The influence of the social contract philosophers is widespread today.  We have runaway co-habitation.  Marriage among today’s single culture is seen as too risky; not worth giving up their autonomy.  Thanks to Sanger, Kinsey, and others, pornography is no longer degrading smut; sexual license is viewed as our ultimate identity and key to personal development.  Therefore the ‘moralists’ who teach abstinence, self-denial, suppression, (and fidelity) are exposing their listeners to all sorts of dysfunctions says Sanger.  Sexual liberation has become a ‘moral’ crusade with Christian morality as the enemy! Sexual gratification has become a complete ideology with all the elements of worldview (pp. 142-146). 

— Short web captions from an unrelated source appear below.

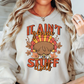 Gonna Stuff Itself Sweatshirt | Harvest Joy Collection | Unique Gifts for Family Friends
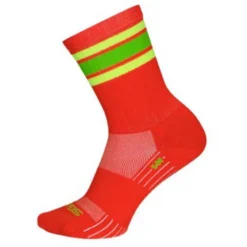 SockGuy SGX 6´´ Throwback Socks -WearWell Store sockguy sgx 6 throwback socks 3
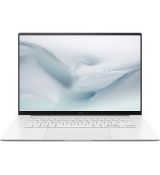 UX5406AA-OLED431XZ 14 U9 32/1T W11P ASUS
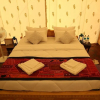 Отель Sangram Desert Camp, фото 9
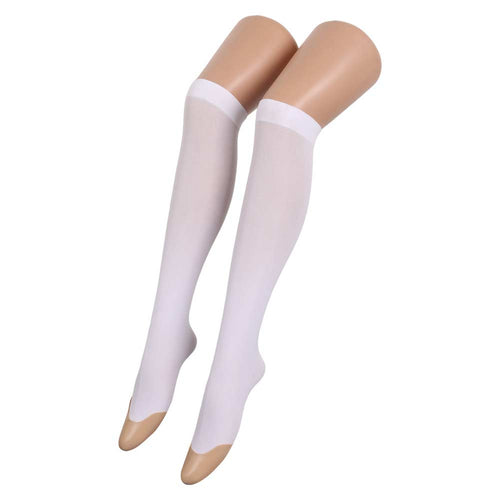 cosplay Aira Shiratori Anime Dandadan Cosplay Costume Outfits Halloween Carnival Suit cos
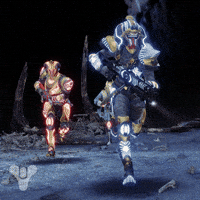 Destiny 2 Pvp GIF by DestinyTheGame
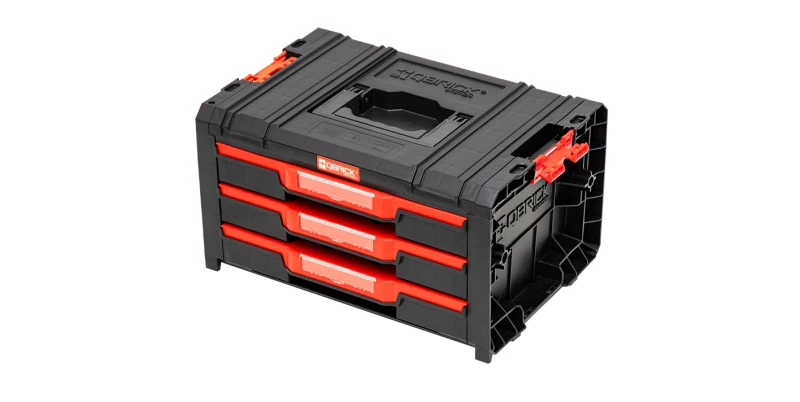 drawer3.png
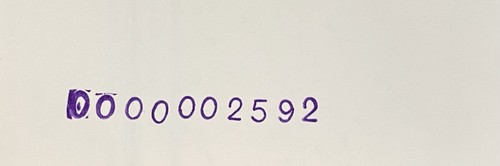 Admiralty 1868 SANDAKAN HARBOUR TO SANGA sanga ISLAND Genius Paper Map Chart - Picture 10 of 12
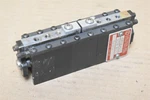 Zaytran Inc. Rotary Actuator Part No. GPEL-10. Fixed Price $50.00.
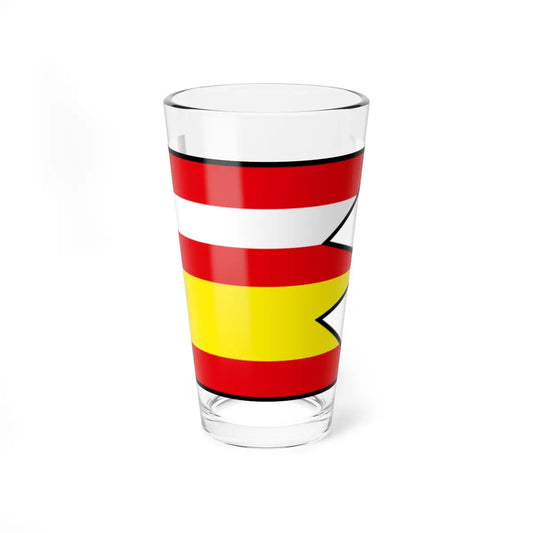 SKU:12474816217311813574 Size:16oz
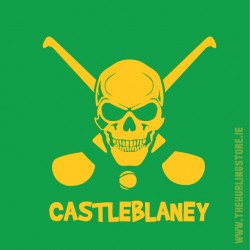 castleblaney40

E. Creation is foundational; all hope of unified truth stands or falls with origins. The grid of Creation, Fall, and Redemption provides a powerful tool for comparing and contrasting worldviews.  It also explains why biblical creationism is under such relentless attack today.  Creation is foundational; it shapes everything that follows. Critics of Christianity know that it stands or falls with the Bible’s teaching of ultimate origins.